[Exercise instructions] Pictures excluded, copy every record that follows exactly as it appears.
- - -
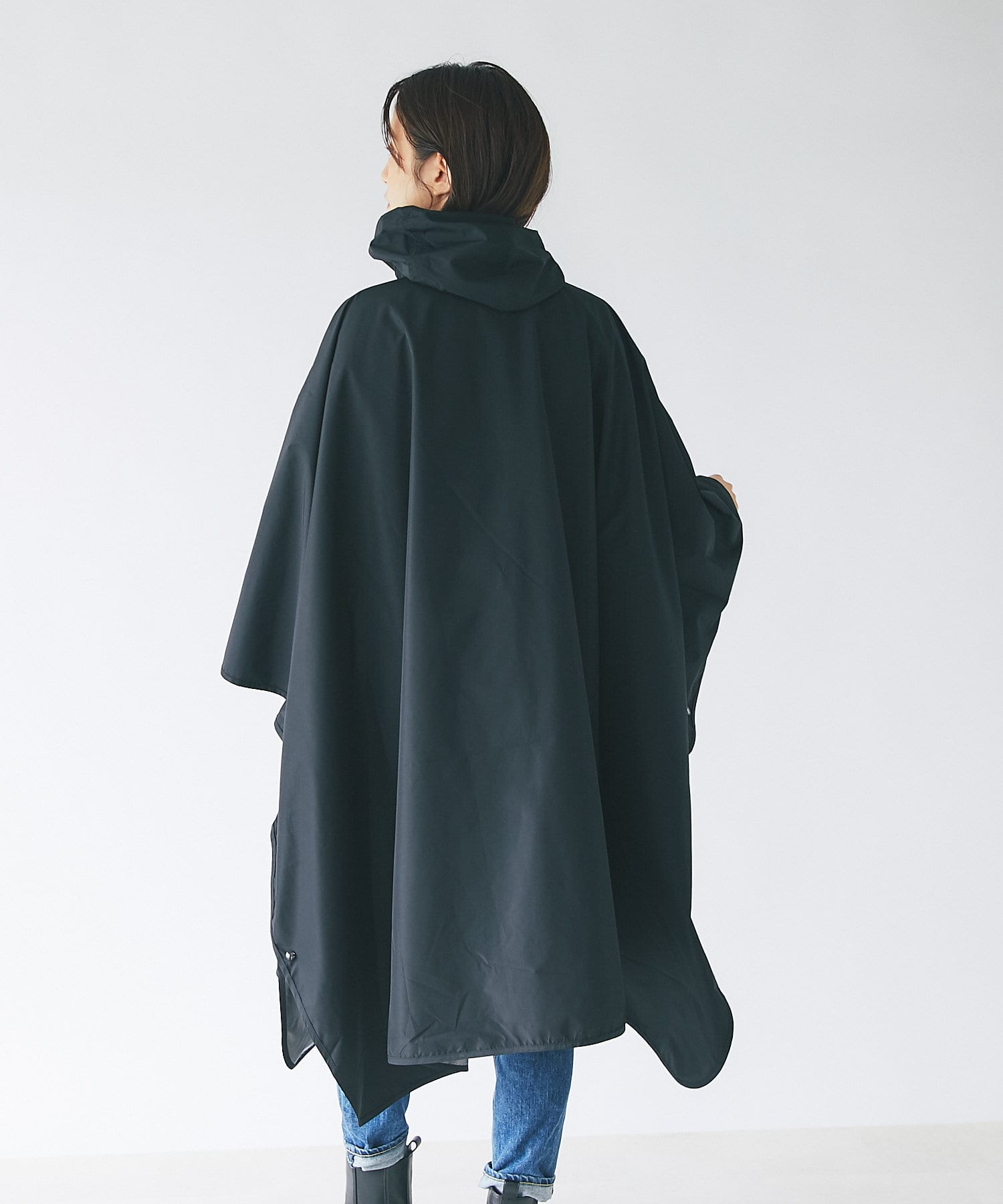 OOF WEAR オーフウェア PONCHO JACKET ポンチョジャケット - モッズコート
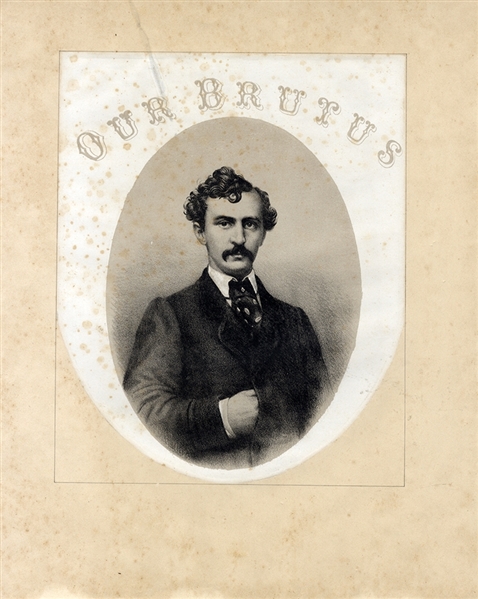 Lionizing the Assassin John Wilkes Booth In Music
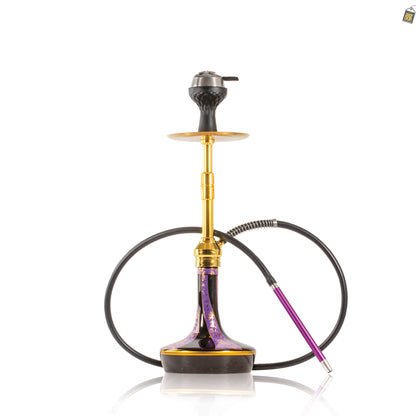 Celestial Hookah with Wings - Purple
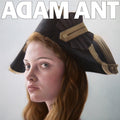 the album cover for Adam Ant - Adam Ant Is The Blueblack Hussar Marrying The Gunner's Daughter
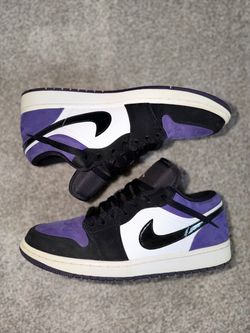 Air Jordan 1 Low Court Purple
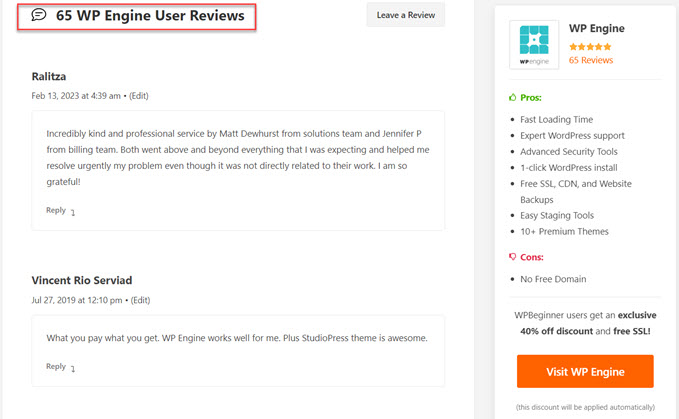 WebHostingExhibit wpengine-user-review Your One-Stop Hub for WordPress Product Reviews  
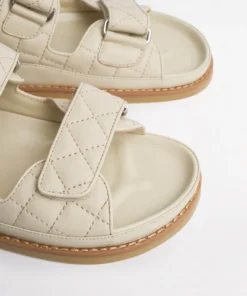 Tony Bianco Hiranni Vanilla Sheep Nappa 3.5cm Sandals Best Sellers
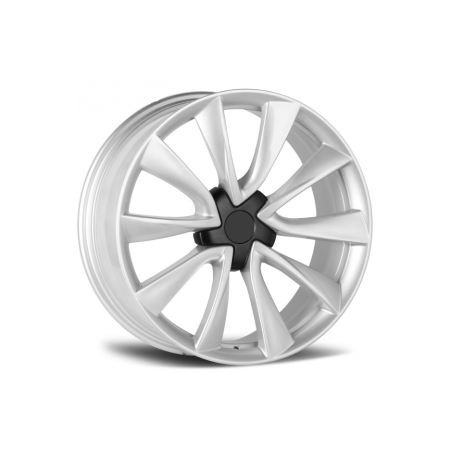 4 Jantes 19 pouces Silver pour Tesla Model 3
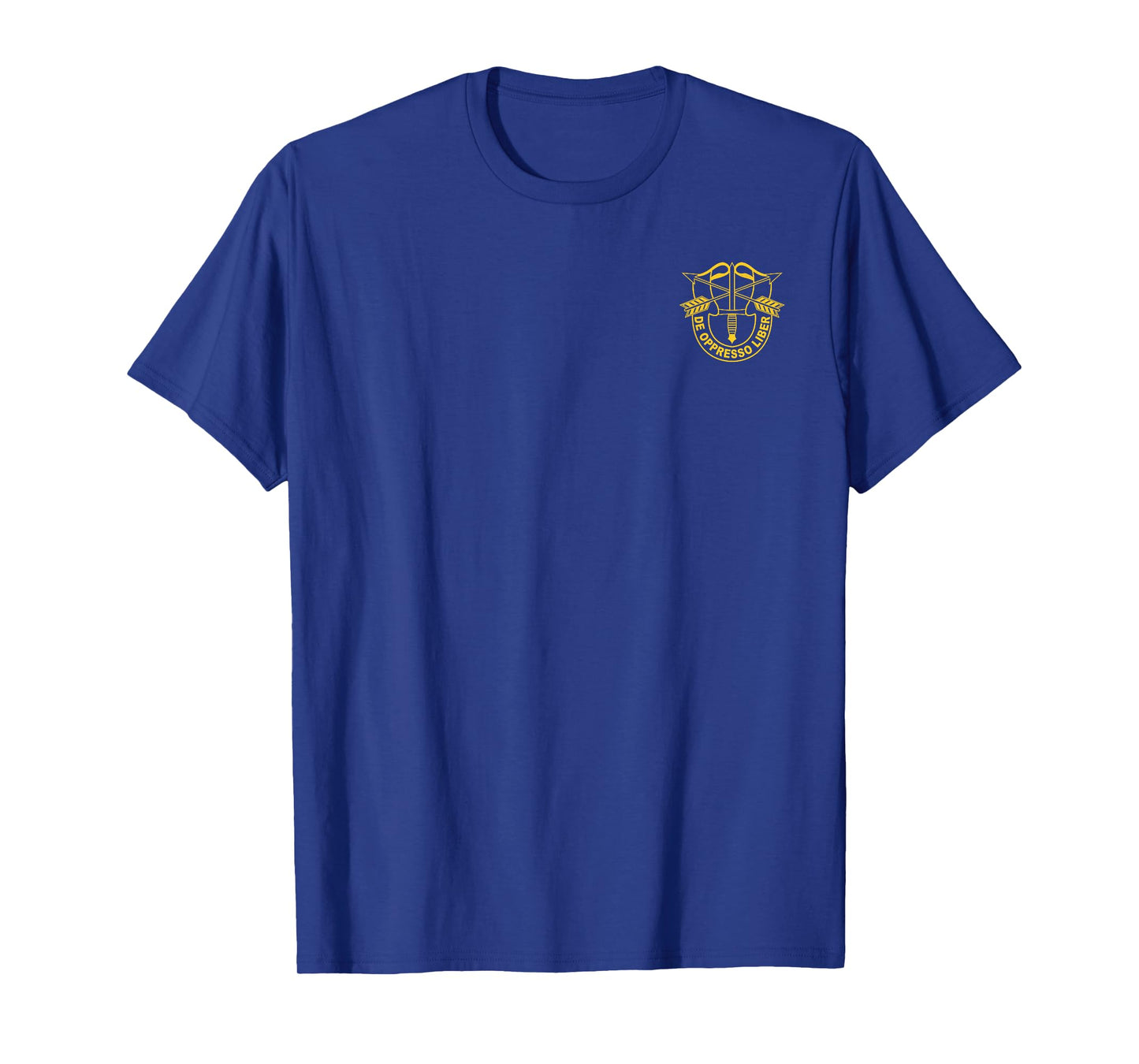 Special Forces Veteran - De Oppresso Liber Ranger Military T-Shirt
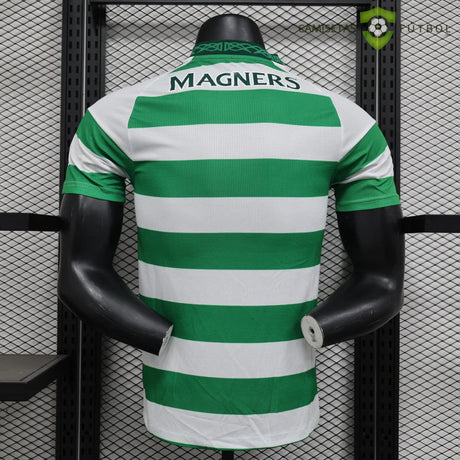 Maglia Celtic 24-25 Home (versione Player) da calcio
- - -
[Task output]
 OOF WEAR オーフウェア PONCHO JACKET ポンチョジャケット - モッズコート
 Lionizing the Assassin John Wilkes Booth In Music
 Celestial Hookah with Wings - Purple
 the album cover for Adam Ant - Adam Ant Is The Blueblack Hussar Marrying The Gunner's Daughter
 Air Jordan 1 Low Court Purple
 WebHostingExhibit wpengine-user-review Your One-Stop Hub for WordPress Product Reviews  
 Tony Bianco Hiranni Vanilla Sheep Nappa 3.5cm Sandals Best Sellers
 4 Jantes 19 pouces Silver pour Tesla Model 3
 Special Forces Veteran - De Oppresso Liber Ranger Military T-Shirt
 Maglia Celtic 24-25 Home (versione Player) da calcio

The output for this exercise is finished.